Vegan Grandma

Thursday, September 21, 2006

Yaki Manju (Baked bean Paste Cake)
Makes 2 dozen

Our veg club had a potluck two weeks ago with an ethnic food theme. One of our members (who is a wonderful cook) brought Yaki Manju, a sweet bean paste cake, and everyone thought it was great.

2 ½ cups sifted flour
½ cup sugar
½ teaspoon salt
3/4 cup salad oil or soy margarine
6 tablespoons cold water
1 cup koshi or tsubushi an (sweet red bean paste)*

Combine flour, salt and sugar and blend thoroughly. Add oil (or soy margarine) and water and mix well. If you are using margarine, cut the margarine into the flour mixture with a fork until the dough has a mealy texture, then add the water and mix thoroughly.

Form the dough into balls using one tablespoon of dough for each ball. Flatten the balls to form circles. Place a heaping teaspoon of the bean paste in the center of each circle, fold the circle in half, and pinch the edges together to seal.

Bake on an ungreased cookie sheet for 30 to 35 minutes, until golden brown at 444 degrees F. (How do I make that little degree symbol on my word processor?)
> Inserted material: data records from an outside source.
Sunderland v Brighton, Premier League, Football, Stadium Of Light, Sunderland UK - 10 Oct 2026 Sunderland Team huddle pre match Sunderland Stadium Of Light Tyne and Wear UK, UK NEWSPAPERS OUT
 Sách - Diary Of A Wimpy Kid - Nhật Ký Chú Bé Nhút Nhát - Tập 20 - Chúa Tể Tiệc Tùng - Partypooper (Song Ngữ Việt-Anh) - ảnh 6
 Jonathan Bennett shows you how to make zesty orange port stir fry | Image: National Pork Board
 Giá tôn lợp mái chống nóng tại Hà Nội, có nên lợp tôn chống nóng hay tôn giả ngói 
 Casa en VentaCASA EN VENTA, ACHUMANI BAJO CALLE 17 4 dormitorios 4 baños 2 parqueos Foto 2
You can also use apple pie filling mix instead of the bean paste. I think you could use any pie filling. I wonder if pumpkin would be good?

*Sweet Red bean Paste

I went to an Asian grocery store today to look for sweet red bean paste, and they had it in a can for $4.50. I thought that $4.50 was too expensive, so I went looking for a recipe to make my own. I found the following information and the recipe for sweet red bean paste at the following web site: /

Sweet red bean is made from azuki beans, and Asian cooks use it to fill buns and dumplings and to make puddings. Like peanut butter, it comes in both creamy and crunchy versions. The creamy version also comes in powdered form. Don't confuse this with sweet bean paste, which is made from sweetened fermented soybeans.

To make your own sweet red bean paste, cook a cup of azuki beans until they're soft (about 1 ½ hours), then puree the softened beans in a food processor. Pour the puree into a cotton kitchen towel and squeeze out the water. Put what's left into a saucepan, add 1 ½ cups of sugar, ½ cup shortening, and a pinch of salt, and heat while stirring until it's thickened to the consistency of miso.